DATA BLOCK:
= = = =

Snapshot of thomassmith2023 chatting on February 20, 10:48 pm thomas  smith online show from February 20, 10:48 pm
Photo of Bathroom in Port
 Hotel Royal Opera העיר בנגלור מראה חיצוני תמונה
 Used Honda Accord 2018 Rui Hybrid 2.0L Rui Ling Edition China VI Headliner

= = = =

WHAT IS EXPECTED: An exact printout is needed of the lines from the one containing "Hotel Royal Opera" through the end of the listing above, both of those lines included, and nothing else.

EXPECTED ANSWER:
 Hotel Royal Opera העיר בנגלור מראה חיצוני תמונה
 Used Honda Accord 2018 Rui Hybrid 2.0L Rui Ling Edition China VI Headliner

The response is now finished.